Group join in academia generally points to having GROUP BY and one join in the same operation (since it's common to having aggregation and at least one join on the same attribute(s)). But just making a hash table on each side doesn't really do anything in itself (although making it on _one_ side is the typical start of a classic hash join); in particular, once you want to join on different keys, you have to regroup.

Even with AVX512, memory arguments used in most instructions (those that are not explicitly unaligned loads) need to be aligned, no? E.g., for vaddps zmm0, zmm0, [rdi] (saving a register and an instruction over vmovups + vaddps reg, reg, reg), rdi must be suitably aligned.

Apart from that, there indeed hasn't been a real unaligned (non-atomic) penalty on Intel since Nehalem or something. Although there definitely is an extra cost for crossing a page, and I would assume also a smaller one for crossing a cache line—which is quite relevant when your ops are the same size as one!


With the older microarchitectures there was a large penalty for crossing a cache line with AVX-512. In some cases, the performance could be worse than AVX2!

In older microarchitectures like Ice Lake it was pretty bad, so you wanted to avoid unaligned loads if you could. This penalty has rapidly shrunk across subsequent generations of microarchitectures. The penalty is still there but on recent microarchitectures it is small enough that the unaligned case often isn't a showstopper.

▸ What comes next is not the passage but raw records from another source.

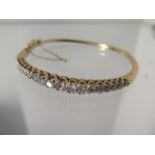 A 9ct yellow gold 18 stone diamond hinged bracelet 6cm x 5.5cm external - approx weight 15.4 grams -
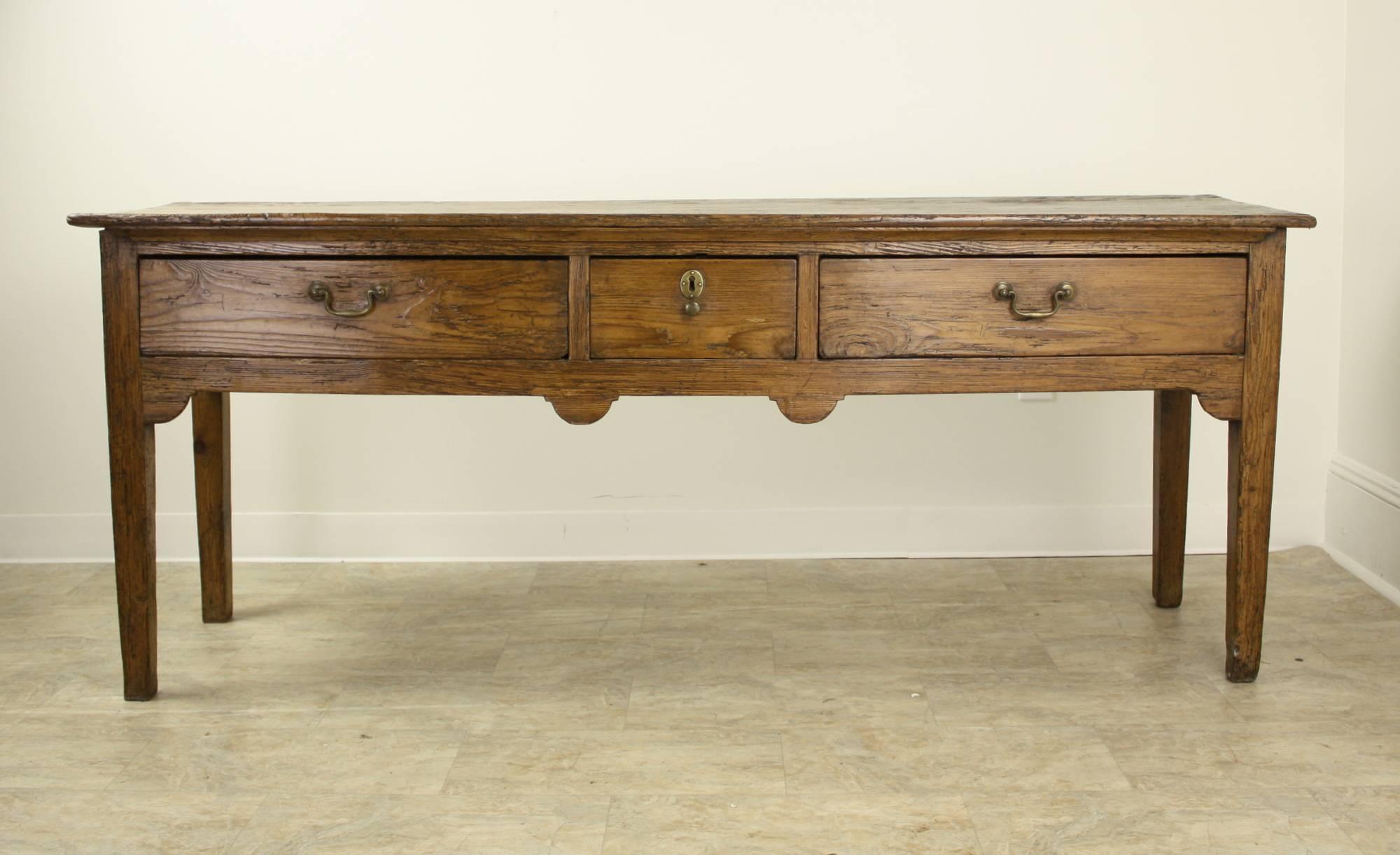 A handsome long pine console or sideboard with wonderful honey color and patina highlighted by exceptional grain.  The charming carved apron completes the look.  30
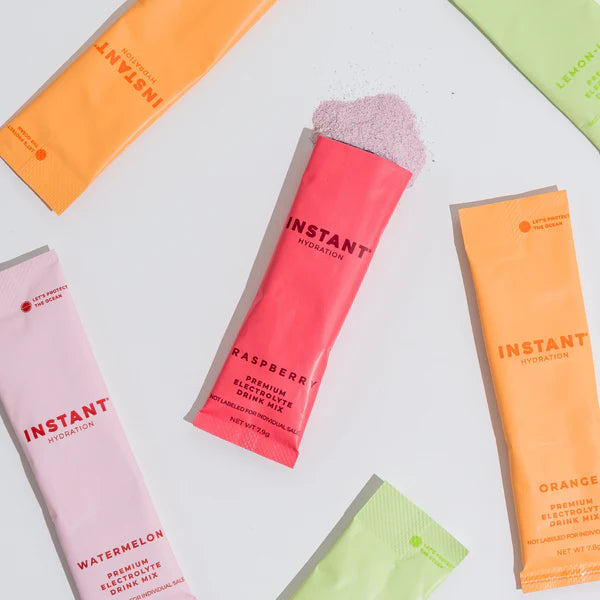 Instant Hydration electrolyte drink mix packets featuring Raspberry, Watermelon, Lemon-Lime and Orange flavors with colorful individual stick packaging.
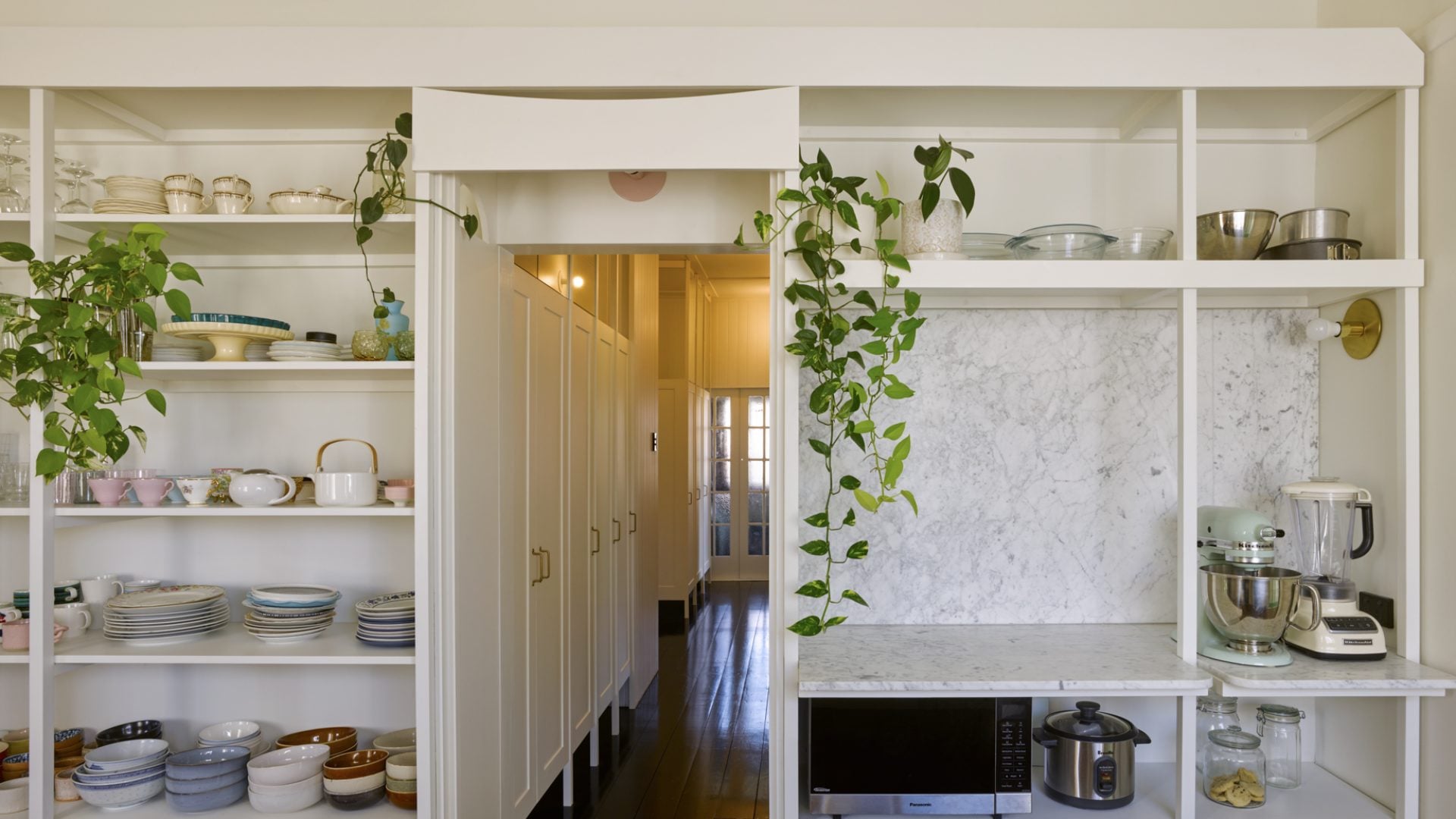 Interior of a hallway from a kitchen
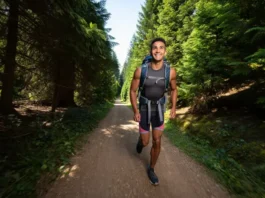 A hiker moves effortlessly on a forest trail, showcasing the benefits of a lightweight backpacking gear list for enhanced wilderness enjoyment.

The main reason to use aligned loads in code is to denote cases where you expect the address to always be aligned i.e. it should blow up if it isn't. Forcing alignment still makes sense if you want predictable, maximum performance but it isn't strictly necessary for good performance on recent hardware in the way it used to be.


AVX doesn't require alignment of any memory operands, with the exception of the specific load aligned instruction. So you/the compiler are free to use the reg,mem form interchangibly with unaligned data.

The penalty on modern machines is an extra cycle of latency and, when crossing a cacheline, half the throughput (AVX512 always crosses a cacheline since they are cacheline sized!). These are pretty mild penalties given what you gain! So while it's true that peak L1 cache performance is gained when everything is aligned.. the blocker is elsewhere for most real code.


> AVX doesn't require alignment of any memory operands, with the exception of the specific load aligned instruction.

Hah, TIL. Too used to SSE, I guess. (My main target platform is, unfortunately, still limited to SSE3, not even SSSE3.)